ABOUT THIS TASK
Send back the data below exactly. Drop every picture.

-- SOURCE DATA follows --

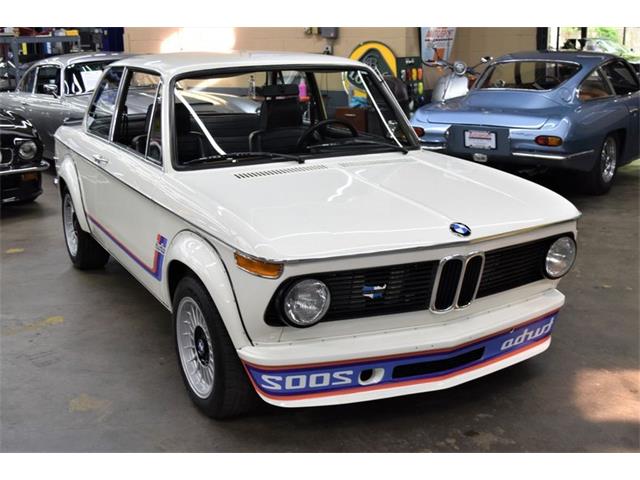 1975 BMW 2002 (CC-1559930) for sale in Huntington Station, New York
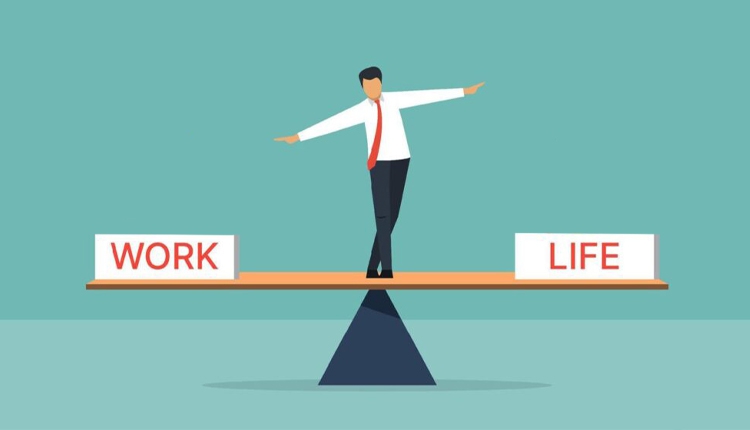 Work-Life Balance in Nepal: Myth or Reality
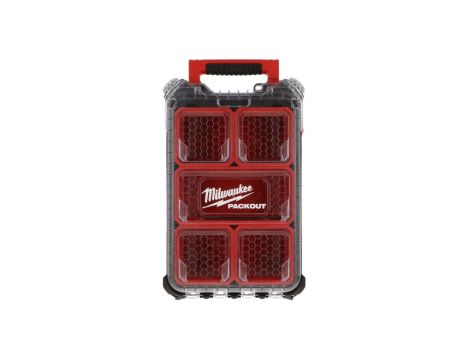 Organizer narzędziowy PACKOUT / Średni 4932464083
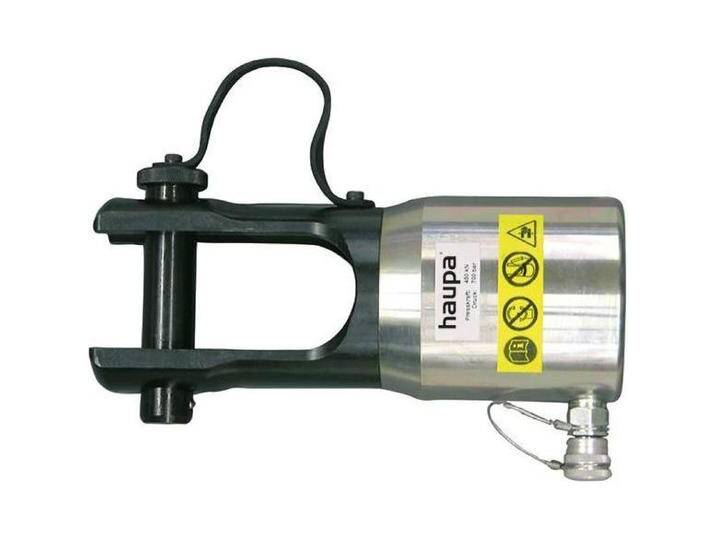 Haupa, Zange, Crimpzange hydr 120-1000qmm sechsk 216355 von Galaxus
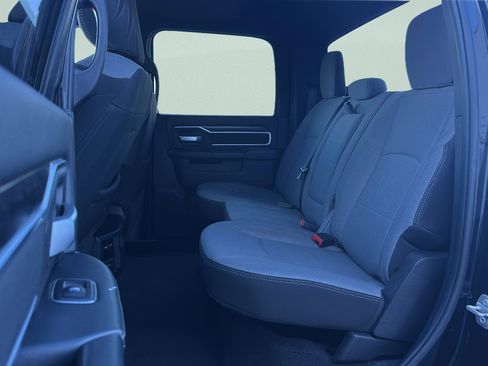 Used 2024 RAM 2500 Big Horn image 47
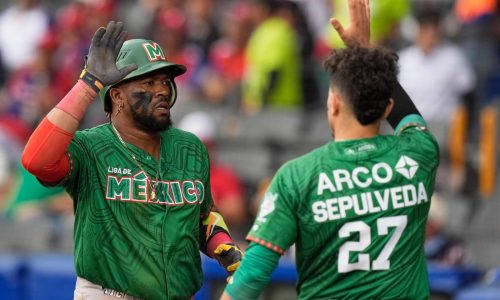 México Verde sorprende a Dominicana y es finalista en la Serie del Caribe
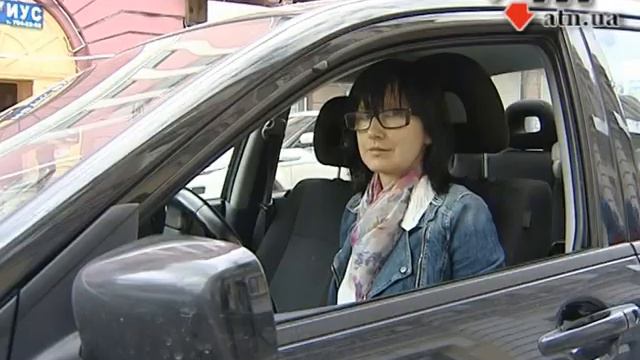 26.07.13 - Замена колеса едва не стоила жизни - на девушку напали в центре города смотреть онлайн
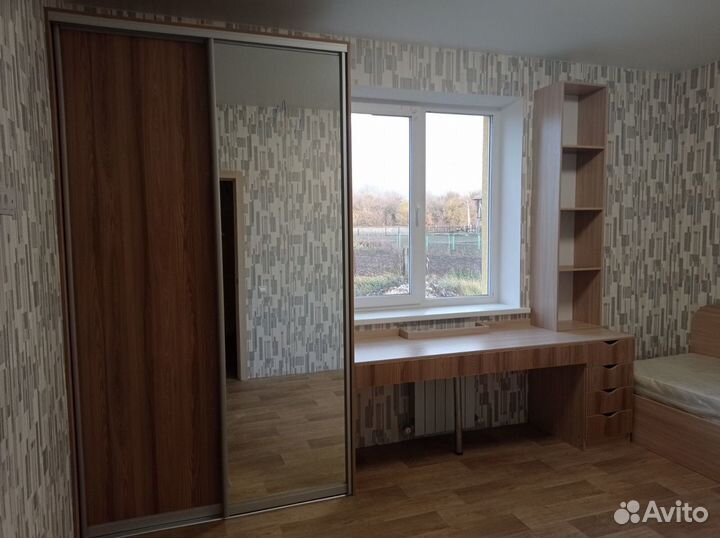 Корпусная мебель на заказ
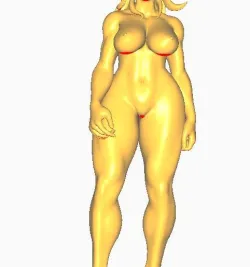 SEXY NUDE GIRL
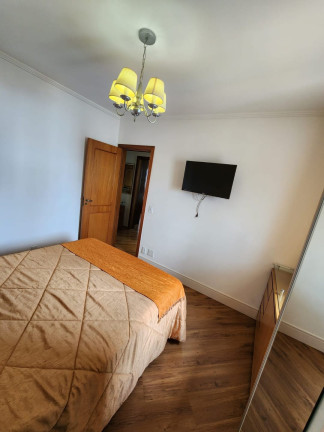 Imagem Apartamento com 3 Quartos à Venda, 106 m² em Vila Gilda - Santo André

-- SOURCE DATA concluded --

SOLVED PROBLEM
 1975 BMW 2002 (CC-1559930) for sale in Huntington Station, New York
 Work-Life Balance in Nepal: Myth or Reality
 Organizer narzędziowy PACKOUT / Średni 4932464083
 Haupa, Zange, Crimpzange hydr 120-1000qmm sechsk 216355 von Galaxus
 Used 2024 RAM 2500 Big Horn image 47
 México Verde sorprende a Dominicana y es finalista en la Serie del Caribe
 26.07.13 - Замена колеса едва не стоила жизни - на девушку напали в центре города смотреть онлайн
 Корпусная мебель на заказ
 SEXY NUDE GIRL
 Imagem Apartamento com 3 Quartos à Venda, 106 m² em Vila Gilda - Santo André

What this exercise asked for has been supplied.